DISCOS
Modest Mouse
The Moon & Antarctica
· 23 Dez 2004 · 08:00 ·
Modest Mouse
The Moon & Antarctica
2000
Epic


Sítios oficiais:
- Modest Mouse
- Epic
Modest Mouse
The Moon & Antarctica
2000
Epic


Sítios oficiais:
- Modest Mouse
- Epic
O rato - destinado a morrer cedo - aspira às sete vidas do gato só porque ambiciona descobrir a razão da sua existência antes que os seus dias cessem. O eterno duelo que opõe Tom a Jerry não é mais que uma simplificação dos factores naturais que separam ambas as espécies animais. E se tudo fosse tão imediato quanto um disco rock? Os machados e bigornas deixariam de ser necessários e em harmonia Teletubbie decifraríamos a "message in a bottle". Na sua frutífera esquizofrenia, Moon and Antárctica não é simples, nem sempre é imediato e - numa avaliação grosseira - fica aquém de ser metade rock. Será, mediante a abordagem, uma pedra de runas sujeita a ser estudada e interpretada. Não terá a mesma intocável significância que OK Computer ou Dark side of the moon, mas transpira equiparável aura de mistério. Sobejamente aclamado por altura do seu lançamento, desconhecia o meu parecer até hoje. E escrevo "hoje" porque, escutado o disco, fica a incerteza no "amanhã".

É comum temer que, ao assinar por uma discográfica de maiores dimensões, o som de uma banda seja domesticado ou castrado de arrojo criativo. O primeiro disco dos Modest Mouse lançado pela Epic contraria esse dogma e demonstra até que ponto um processo de produção adequado pode abrilhantar a alma de um disco. As condições estavam reunidas para que o devido tempo fosse dispensado ao preenchimento dos intervalos instrumentais que moderam o seu ritmo. Dispense-se a devida atenção às sussurrantes texturas que por aqui abundam, e é dar conta de que a magia do seminal disco jaz, afinal, nesse equilíbrio que conjuga o abstraccionismo dos mantos ambientais que cobrem o banjo, as cordas e todos os restantes elementos orgânicos.
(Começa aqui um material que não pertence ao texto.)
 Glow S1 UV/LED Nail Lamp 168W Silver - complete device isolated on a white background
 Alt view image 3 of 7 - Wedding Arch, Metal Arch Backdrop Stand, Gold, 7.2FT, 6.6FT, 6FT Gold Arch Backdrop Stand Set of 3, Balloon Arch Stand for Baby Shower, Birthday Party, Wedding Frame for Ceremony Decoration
Eles que já contavam com um significativo espólio repartido pelas independentes K e Up, decidiram arremessar o espectro do que já era passado contra a parede de criatividade e a partir dos cacos elaborarem algo de raiz. Lá residem os enérgicos hinos camuflados que geralmente servem de base a discos desta envergadura, o nicho de calmaria intermédio e a recta final percorrida a lunática "folk" semi-acústica. Calculo que tantas serão as emoções de uma travessia pelo deserto como as de uma "ego trip" vivida no frio de uma noite em que alguém nos resgatou da cama quente: aqui ressoa o sarcasmo atómico de "Tiny cities made of ashes" (não será uma linha de baixo à frente do seu tempo?), a frustração de fundo de poço em "Alone down here" e o negrume da confissão esperançosa "I came as a rat". O carácter híbrido de The Moon & Antactica prova que são mais que muitos os meios de subsistência a que o rato modesto pode recorrer.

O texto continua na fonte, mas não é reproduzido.